## Task objective
What you give must be the lines from the one containing "Despite being red, Mars" through the last line of the listing below, exactly, with nothing else and no pictures.

## Given data
· · · · ·
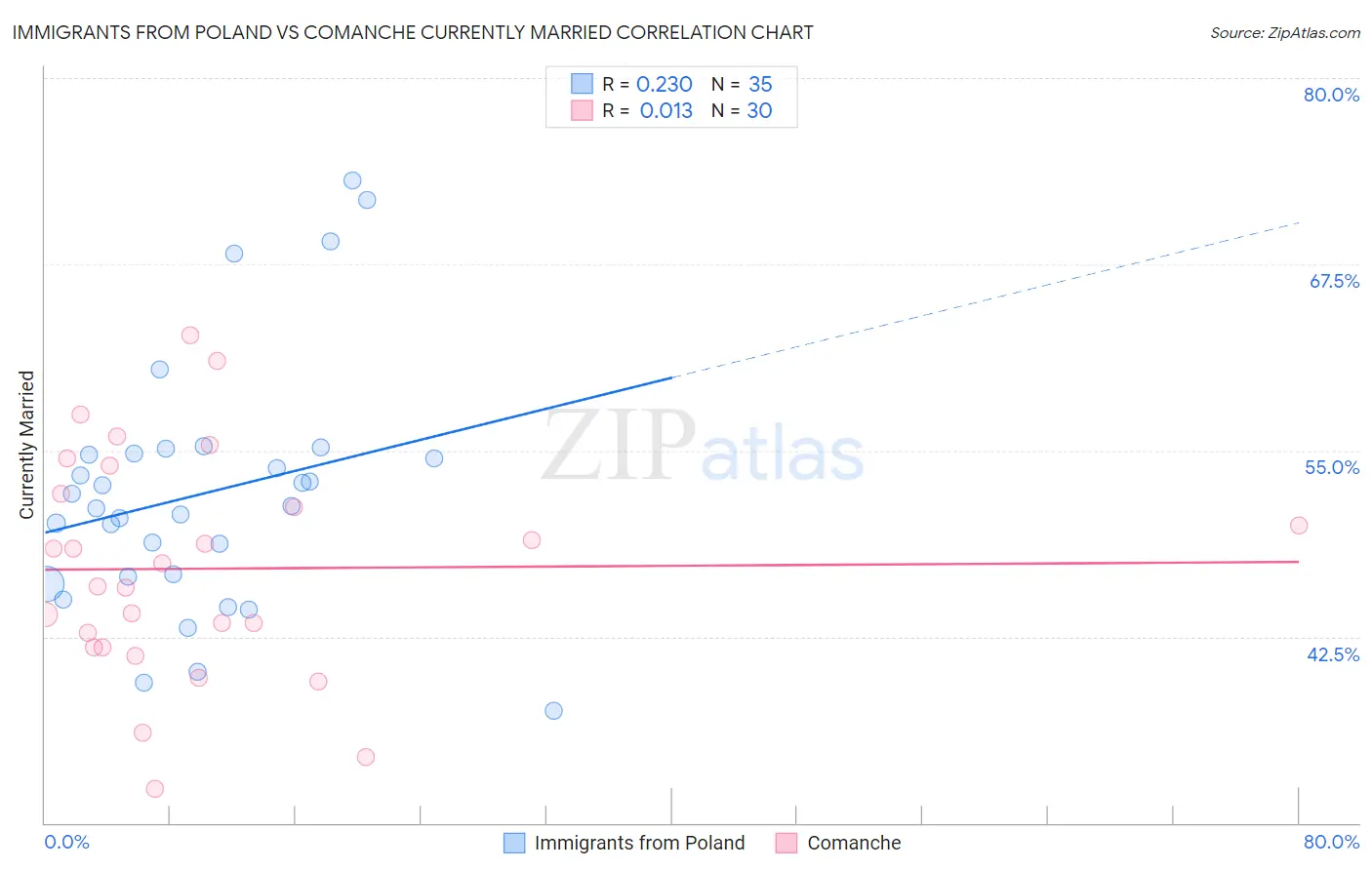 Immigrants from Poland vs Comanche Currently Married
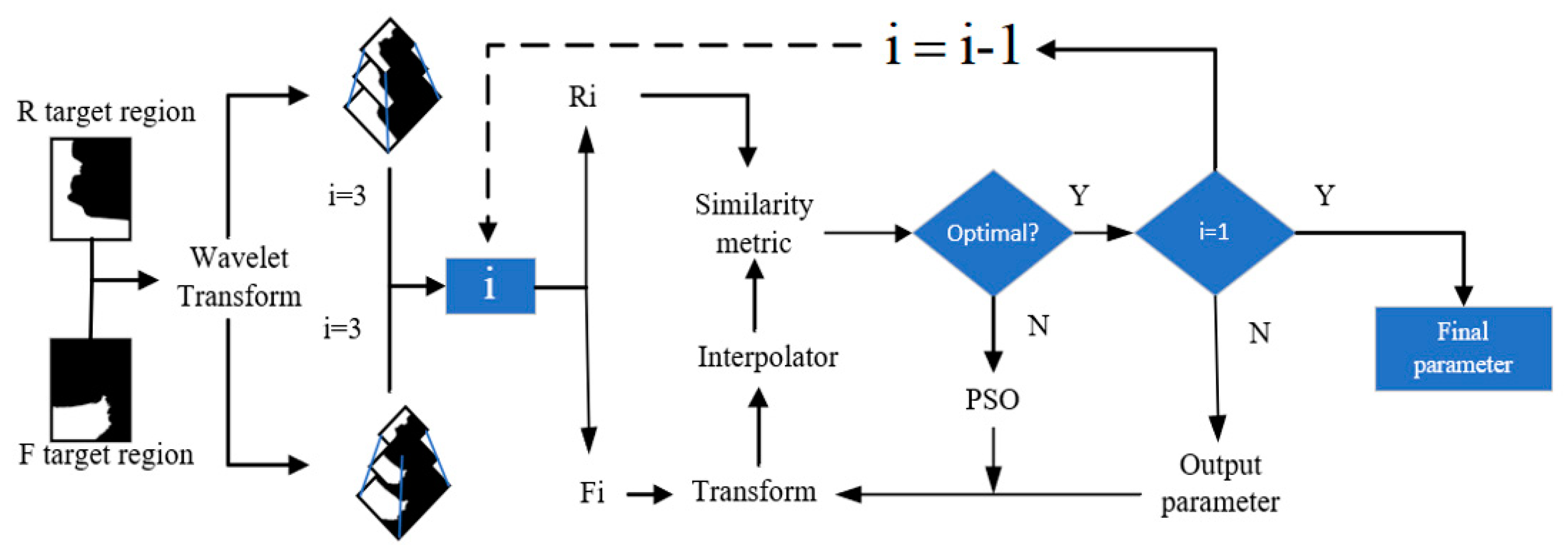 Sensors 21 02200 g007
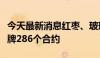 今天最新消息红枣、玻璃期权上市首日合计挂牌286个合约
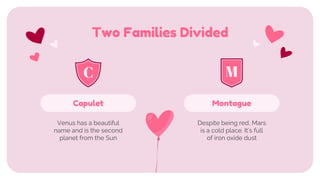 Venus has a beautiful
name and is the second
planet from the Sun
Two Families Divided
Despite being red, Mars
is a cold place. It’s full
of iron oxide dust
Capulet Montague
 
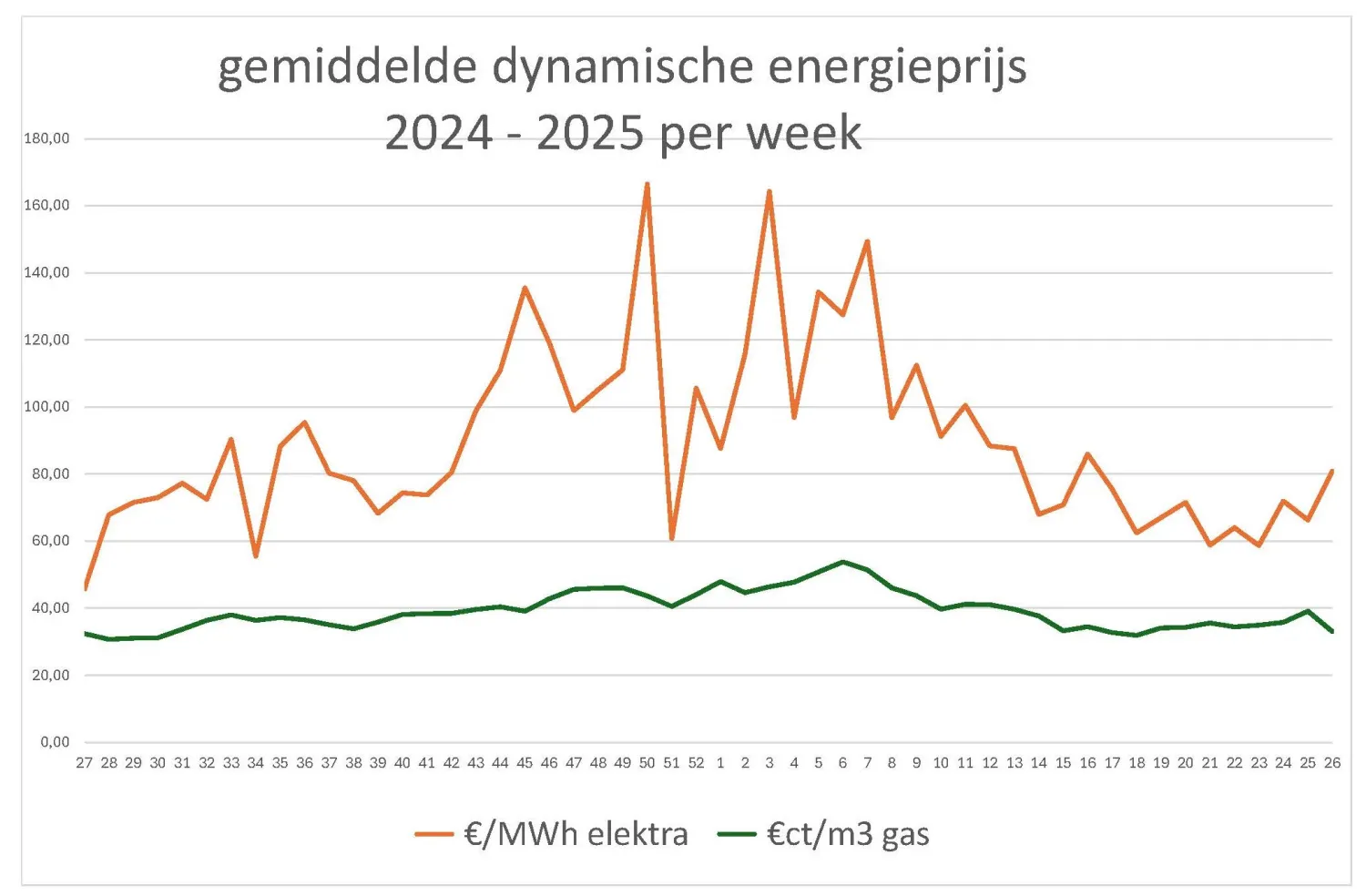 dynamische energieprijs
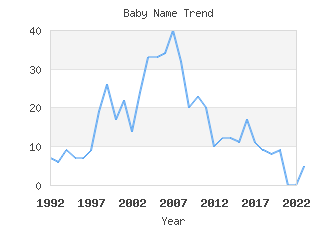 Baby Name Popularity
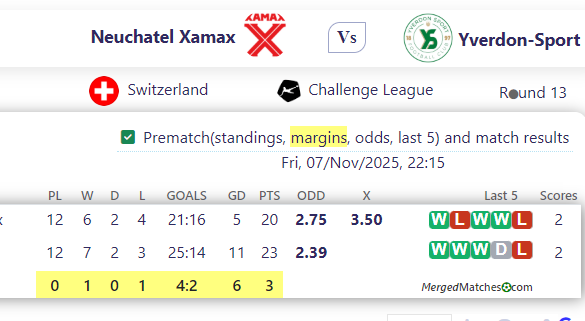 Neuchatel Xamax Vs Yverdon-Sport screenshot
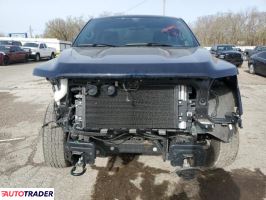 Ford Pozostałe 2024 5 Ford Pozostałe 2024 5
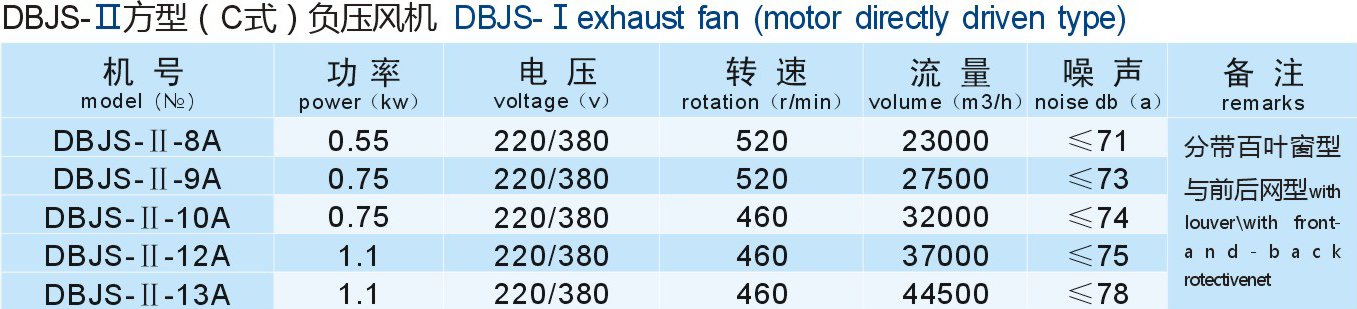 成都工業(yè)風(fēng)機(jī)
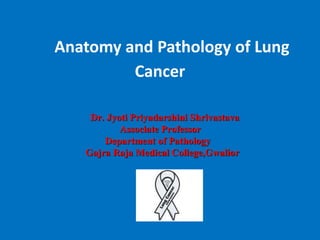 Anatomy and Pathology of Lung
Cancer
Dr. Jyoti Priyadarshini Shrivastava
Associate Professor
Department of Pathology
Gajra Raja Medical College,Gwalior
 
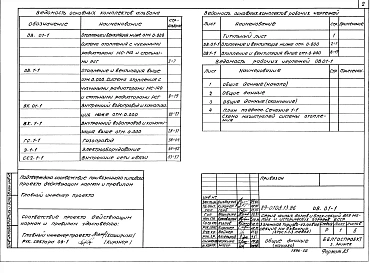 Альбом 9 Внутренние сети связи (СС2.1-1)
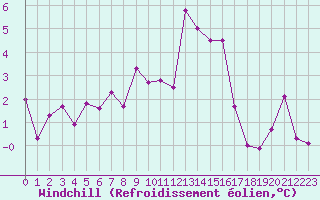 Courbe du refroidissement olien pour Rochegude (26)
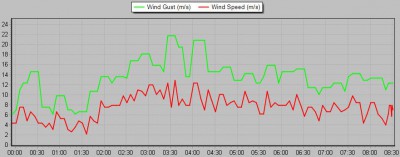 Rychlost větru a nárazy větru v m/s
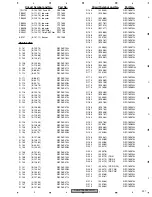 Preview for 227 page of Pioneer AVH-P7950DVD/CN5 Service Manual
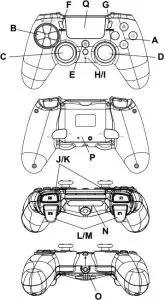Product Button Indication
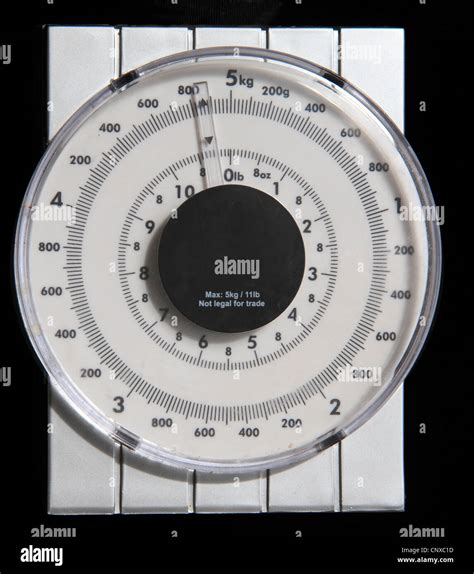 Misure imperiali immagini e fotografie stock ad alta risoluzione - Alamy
· · · · ·
## The completed task
Despite being red, Mars
is a cold place. It’s full
of iron oxide dust
Capulet Montague
 
 dynamische energieprijs
 Baby Name Popularity
 Neuchatel Xamax Vs Yverdon-Sport screenshot
 Ford Pozostałe 2024 5 Ford Pozostałe 2024 5
 成都工業(yè)風(fēng)機(jī)
 Anatomy and Pathology of Lung
Cancer
Dr. Jyoti Priyadarshini Shrivastava
Associate Professor
Department of Pathology
Gajra Raja Medical College,Gwalior
 
 Альбом 9 Внутренние сети связи (СС2.1-1)
 Courbe du refroidissement olien pour Rochegude (26)
 Rychlost větru a nárazy větru v m/s
 Preview for 227 page of Pioneer AVH-P7950DVD/CN5 Service Manual
Product Button Indication
 Misure imperiali immagini e fotografie stock ad alta risoluzione - Alamy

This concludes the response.